Similar to what a certain Mr Efron said:
Hope you don't mind me using the video man, I just loved it so much <3
I wish girls would understand guys better and see why we rarely approach them, this isn't having a dig at girls and I'm not trying to make you seem like the enemy or like the bad one in this situation, not at all.
I'm just trying to help you understand WHY and that for the majority of us, it takes a lot of bravery just to approach you, let alone have a full conversation.
And like this guy states, to the girls who say that they only see players, well that's because they are the ones who are comfortable talking with every girl they find attractive so of course they will be constantly on the move, you have to look for the ones who find it difficult to talk to you, not the ones who are running up to you and every other girl in the area.
Now, I know this will seem like I am being a bit mean to the girls and I want to make it obvious that I do notice that they also put in effort to the relationship side of things but here are just some that guys do that I feel girls brush off even though it takes the majority of us a lot of bravery to do these:
I understand you probably think this is nothing as we are casual with other guys but if we are attracted to you then it is actually certainly more often than not, scary or uncomfortable to approach you and if we do then we are likely to overthink stuff and be very self-conscious of how we come across.

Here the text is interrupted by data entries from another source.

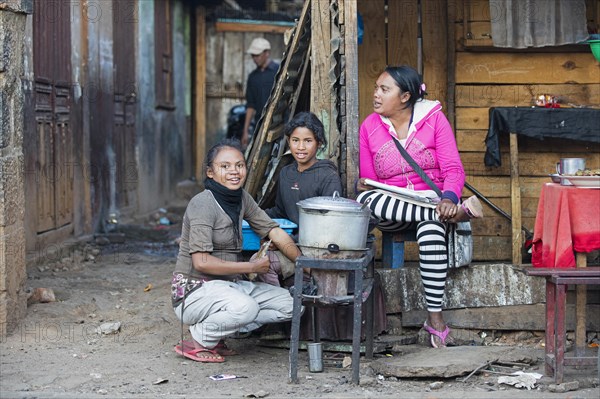 Malagasy women cooking food in street restaurant in the city Antsirabe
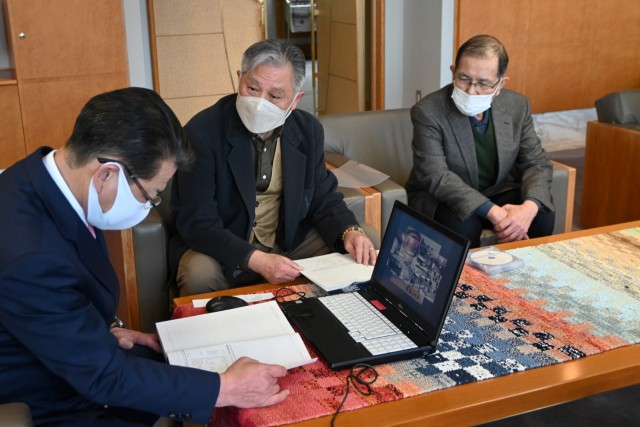 小野市長（左）に史料集の説明をする西島会長（中央）＝伊東市役所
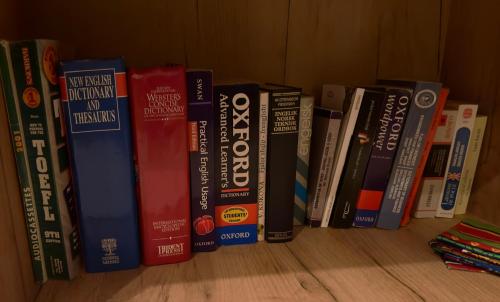 a row of books sitting on a shelf at Elegant Apartment in City Centre in Pristina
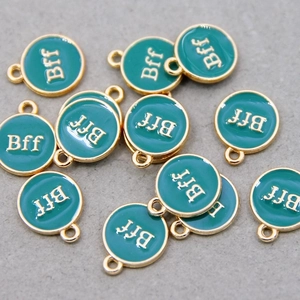 Detailed view of round green enamel BFF charms with gold plated borders for DIY jewelry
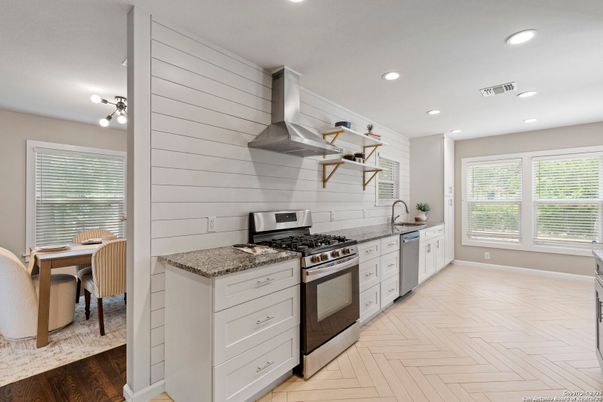 Dining room, Interior, Kitchen, Recessed Lighting, Stainless Steel Appliances, Wood Texture Flooring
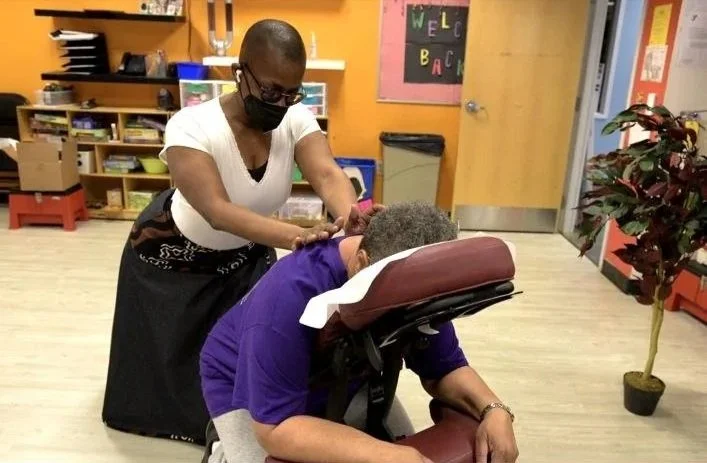 A person receiving a massage from a massage therapist in a room with shelves, a plant, and colorful walls.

A lot of the time we will be already very uncomfortable just by being that close to you so continuing on to think of conversation material will often result in us saying really awkward stuff like how the weather is and other things you would never of said when you wanted to ask how you were and that you noticed she did something with her hair or that she looks really pretty in the dress she chose to wear today.
Get along with your friends
A lot of the time this has nothing to do with us not wanting to be their friends but rather we are afraid that we will leave a bad impression and make them tell you to avoid the guy so we will get nervous about that thus resulting in us avoiding your friends or at the most having really brief interaction with them.

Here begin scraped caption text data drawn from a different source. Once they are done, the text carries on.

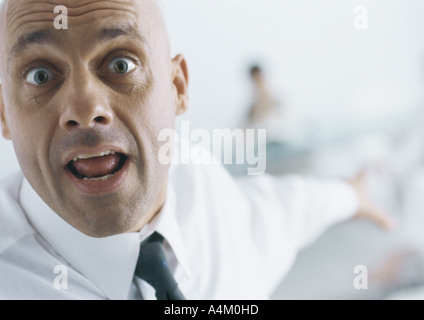 Geschäftsmann mit Augenbrauen angehoben und Mund öffnen zeigt in Hintergrund, Nahaufnahme Stockfoto
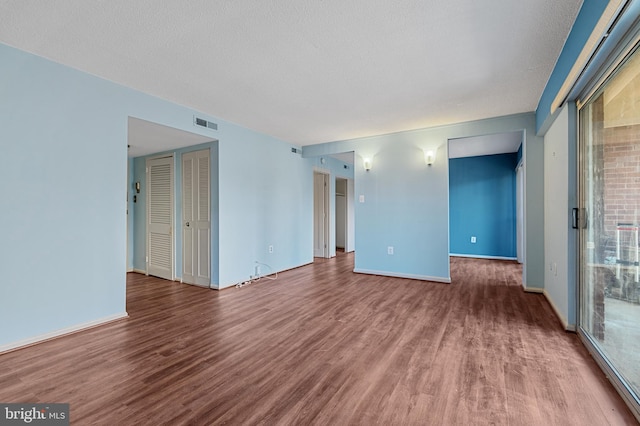 unfurnished room with baseboards, a textured ceiling, visible vents, and wood finished floors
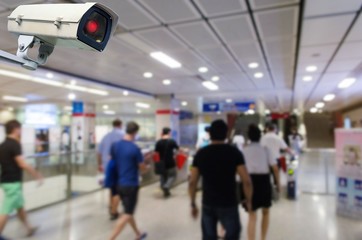 CCTV security indoor camera system operating with blurred image of people walking at train station,...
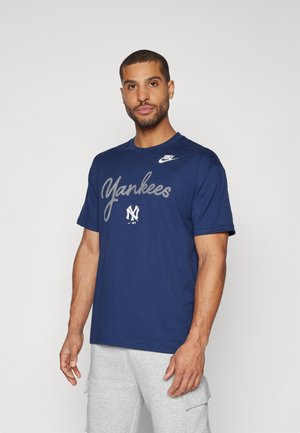 Navy blue cotton t-shirt featuring "Yankees" in silver script, Nike logo on the chest, short sleeves, and a crew neckline.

I know this one seems really "Natural" for guys but actually, knowing or thinking up something we believe you will like is actually difficult believe it or not and although when we flirt we may sound confident, most the time we are internally screaming and regretting everything we said and worried how you will react.
Making the first move
Now, respect to any guy who has got this far before and I hope it went well.

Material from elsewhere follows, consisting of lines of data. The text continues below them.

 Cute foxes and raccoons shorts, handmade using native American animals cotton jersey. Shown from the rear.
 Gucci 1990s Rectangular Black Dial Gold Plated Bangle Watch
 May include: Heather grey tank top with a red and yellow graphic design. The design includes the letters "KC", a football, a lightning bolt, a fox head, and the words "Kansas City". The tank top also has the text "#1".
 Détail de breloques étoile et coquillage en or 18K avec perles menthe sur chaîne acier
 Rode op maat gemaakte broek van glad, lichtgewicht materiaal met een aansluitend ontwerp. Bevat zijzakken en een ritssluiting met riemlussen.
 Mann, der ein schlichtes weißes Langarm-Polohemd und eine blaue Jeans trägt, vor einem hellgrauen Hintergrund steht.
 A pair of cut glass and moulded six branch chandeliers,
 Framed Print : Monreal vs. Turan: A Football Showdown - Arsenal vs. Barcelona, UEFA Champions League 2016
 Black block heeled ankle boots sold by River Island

For a guy, this is PROBABLY THE or close to being the scariest thing for him to do because all his love and feelings depend on your response so of course he will be scared.
So next time if a guy confesses to you DO NOT USE THE "You're a nice guy but" card, we only link that with rejection and you trying to avoid us, please elaborate more, please say things like what you like about us and what it is that means we couldn't be together as well as saying you want to stay in contact, it is crushing for a guy if we worked hard to build a friendship then confess only to then have you avoid us after.
I know this doesn't apply to every guy so don't spam my comment section saying that guys in your area aren't like this, this post is for the guys who are brushed away and not noticed when we are trying our hardest, not for the ones who go about dating lots of people yearly or even monthly.
And remember, this is not a hate post on girls, it's to help them further understand us okay?
Welp, I think that's about everything so take care and stay sweet peeps!